The Air and Missile Defense Radar (AN/SPY-6[V]) is the US Navy’s next generation integrated air and missile defence radar, .advancing through development and on track for the DDG-51 FLIGHT III destroyer.
Test success proved AN/SPY-6(V) integrated air and missile defence performance against a short-range ballistic missile target and multiple anti-ship cruise missile targets. The radar searched for, detected and tracked all targets from launch throughout their flights. The test demonstrated the radar’s sensitivity and resource management, a critical multi-mission capability to extend the battlespace and safeguard the fleet from multiple threats.
“The speed, range, trajectory and complexity of multiple targets proved no match for AN/SPY-6 – it acquired and tracked them all,” said Raytheon’s Tad Dickenson, AN/SPY-6(V) Program Director. “It was truly gratifying for our government-Raytheon team to see the culmination of our engineering efforts in action, and achieve our third straight success.”

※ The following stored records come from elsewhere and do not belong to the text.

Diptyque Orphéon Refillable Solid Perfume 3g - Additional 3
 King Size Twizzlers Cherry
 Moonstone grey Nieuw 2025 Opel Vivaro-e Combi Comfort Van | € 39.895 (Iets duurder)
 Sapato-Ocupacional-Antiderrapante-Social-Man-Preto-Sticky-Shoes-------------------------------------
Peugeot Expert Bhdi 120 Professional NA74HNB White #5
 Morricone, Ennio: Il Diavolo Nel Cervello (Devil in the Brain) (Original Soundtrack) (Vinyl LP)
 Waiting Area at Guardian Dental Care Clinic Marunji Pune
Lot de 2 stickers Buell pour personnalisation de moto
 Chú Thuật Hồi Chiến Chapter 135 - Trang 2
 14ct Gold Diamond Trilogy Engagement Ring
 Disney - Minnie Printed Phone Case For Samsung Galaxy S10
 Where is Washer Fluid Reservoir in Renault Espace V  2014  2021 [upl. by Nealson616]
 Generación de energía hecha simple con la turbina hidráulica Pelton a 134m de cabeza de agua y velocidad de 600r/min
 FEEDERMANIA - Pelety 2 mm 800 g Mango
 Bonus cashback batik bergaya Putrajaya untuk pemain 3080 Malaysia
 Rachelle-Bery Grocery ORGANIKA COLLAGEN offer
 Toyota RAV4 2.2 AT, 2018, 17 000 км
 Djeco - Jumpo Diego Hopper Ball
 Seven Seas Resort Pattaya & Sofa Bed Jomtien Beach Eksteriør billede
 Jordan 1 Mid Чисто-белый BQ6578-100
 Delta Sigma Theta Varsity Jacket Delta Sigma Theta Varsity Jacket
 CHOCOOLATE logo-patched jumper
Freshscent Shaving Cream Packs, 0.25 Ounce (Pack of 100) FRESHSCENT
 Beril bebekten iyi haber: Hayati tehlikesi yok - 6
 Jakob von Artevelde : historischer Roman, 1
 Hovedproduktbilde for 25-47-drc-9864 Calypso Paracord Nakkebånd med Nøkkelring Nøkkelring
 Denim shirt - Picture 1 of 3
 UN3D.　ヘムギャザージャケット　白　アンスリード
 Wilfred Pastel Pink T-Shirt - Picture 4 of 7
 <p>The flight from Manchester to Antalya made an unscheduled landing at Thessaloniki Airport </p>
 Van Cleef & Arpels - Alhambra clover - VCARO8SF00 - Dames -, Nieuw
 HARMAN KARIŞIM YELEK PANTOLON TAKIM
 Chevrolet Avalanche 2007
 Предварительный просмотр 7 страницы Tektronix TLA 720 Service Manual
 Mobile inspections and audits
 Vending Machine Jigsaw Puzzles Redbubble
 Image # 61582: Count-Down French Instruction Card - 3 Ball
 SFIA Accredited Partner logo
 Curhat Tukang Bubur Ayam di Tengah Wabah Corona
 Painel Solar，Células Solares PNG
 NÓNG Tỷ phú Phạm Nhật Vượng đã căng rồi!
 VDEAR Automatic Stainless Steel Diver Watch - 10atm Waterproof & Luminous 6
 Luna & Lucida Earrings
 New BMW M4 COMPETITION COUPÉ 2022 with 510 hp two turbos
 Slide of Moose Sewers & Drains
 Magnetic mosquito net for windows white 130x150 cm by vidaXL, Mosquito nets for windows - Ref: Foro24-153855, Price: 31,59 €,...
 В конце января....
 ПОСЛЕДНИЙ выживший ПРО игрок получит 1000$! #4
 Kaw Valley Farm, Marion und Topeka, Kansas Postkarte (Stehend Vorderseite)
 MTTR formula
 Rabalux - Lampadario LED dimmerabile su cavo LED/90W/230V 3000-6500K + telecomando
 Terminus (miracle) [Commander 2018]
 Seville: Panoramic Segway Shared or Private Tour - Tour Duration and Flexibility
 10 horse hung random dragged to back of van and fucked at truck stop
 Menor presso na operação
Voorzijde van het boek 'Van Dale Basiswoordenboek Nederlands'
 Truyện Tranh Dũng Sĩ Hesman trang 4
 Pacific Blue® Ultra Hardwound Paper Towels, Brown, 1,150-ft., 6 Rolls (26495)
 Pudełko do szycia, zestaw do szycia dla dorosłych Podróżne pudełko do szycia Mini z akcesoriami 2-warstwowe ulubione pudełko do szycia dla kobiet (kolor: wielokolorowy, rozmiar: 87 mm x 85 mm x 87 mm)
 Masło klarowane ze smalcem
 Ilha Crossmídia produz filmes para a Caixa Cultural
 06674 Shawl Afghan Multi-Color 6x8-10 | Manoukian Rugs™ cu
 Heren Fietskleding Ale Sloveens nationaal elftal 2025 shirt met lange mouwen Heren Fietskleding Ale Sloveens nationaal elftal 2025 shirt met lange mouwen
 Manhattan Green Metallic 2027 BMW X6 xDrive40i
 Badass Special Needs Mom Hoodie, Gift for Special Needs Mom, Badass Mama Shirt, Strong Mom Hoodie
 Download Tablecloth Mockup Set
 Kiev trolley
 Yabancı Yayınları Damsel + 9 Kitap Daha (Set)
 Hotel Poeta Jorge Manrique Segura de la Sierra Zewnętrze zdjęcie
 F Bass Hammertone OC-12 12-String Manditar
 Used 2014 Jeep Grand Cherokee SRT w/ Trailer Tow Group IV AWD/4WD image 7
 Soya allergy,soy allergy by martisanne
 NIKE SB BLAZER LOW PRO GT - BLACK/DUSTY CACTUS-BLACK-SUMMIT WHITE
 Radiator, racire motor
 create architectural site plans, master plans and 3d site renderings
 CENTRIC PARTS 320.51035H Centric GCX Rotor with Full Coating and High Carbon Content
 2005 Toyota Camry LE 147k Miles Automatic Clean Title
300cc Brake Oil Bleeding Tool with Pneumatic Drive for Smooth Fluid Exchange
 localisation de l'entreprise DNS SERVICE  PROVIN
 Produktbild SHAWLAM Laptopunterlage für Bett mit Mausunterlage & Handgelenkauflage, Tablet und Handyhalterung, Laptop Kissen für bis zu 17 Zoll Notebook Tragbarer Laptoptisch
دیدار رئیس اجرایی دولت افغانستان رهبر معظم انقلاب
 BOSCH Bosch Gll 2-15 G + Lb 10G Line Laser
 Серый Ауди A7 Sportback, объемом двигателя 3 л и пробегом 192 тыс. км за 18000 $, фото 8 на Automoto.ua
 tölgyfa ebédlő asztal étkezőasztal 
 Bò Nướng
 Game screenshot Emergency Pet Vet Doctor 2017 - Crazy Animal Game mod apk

“This radar was specifically designed to handle ballistic missiles and cruise missiles simultaneously and it’s doing just that,” US Navy Cpt. Seiko Okano, Major Program Manager for Above Water Sensors, Program Executive Office Integrated Warfare Systems, continued. “AMDR is successfully demonstrating performance in a series of increasingly difficult test events and is on track to deliver advanced capability to the navy’s first FLIGHT III Destroyer.”
Successes for AN/SPY-6 continue to stack up, following its second ballistic missile test flight in July. The radar has now demonstrated its performance against an array of singular and simultaneous live targets of increasing complexity, including integrated air and missile defence targets of opportunity, satellites and aircraft.
Thanks to gallium-nitride-based technology, the new radar is many times more capable than the current AN/SPY-1 that is installed on the current generation of ARLEIGH BURKE–class destroyers and TICONDEROGA-class missile cruisers. Indeed, compared to the SPY-1D(V) on the current DDG-51 ships, the SPY-6(V) can spot a target of half the size at twice the distance of the existing radar. The system is, “over 30 times more sensitive than AN/SPY-1D(V) in the Flight III configuration,” according to Raytheon.
The system is completely digital and software programmable, based on commercial computer hardware, which means that the SPY-6(V) can easily be adapted for the future. The SPY-6 (V) is capable of, “adaptive digital beamforming and radar signal/data processing functionality provides exceptional capability in adverse conditions, such as high-clutter and jamming environments,” according to Raytheon. “It is also reprogrammable to adapt to new missions or emerging threats.”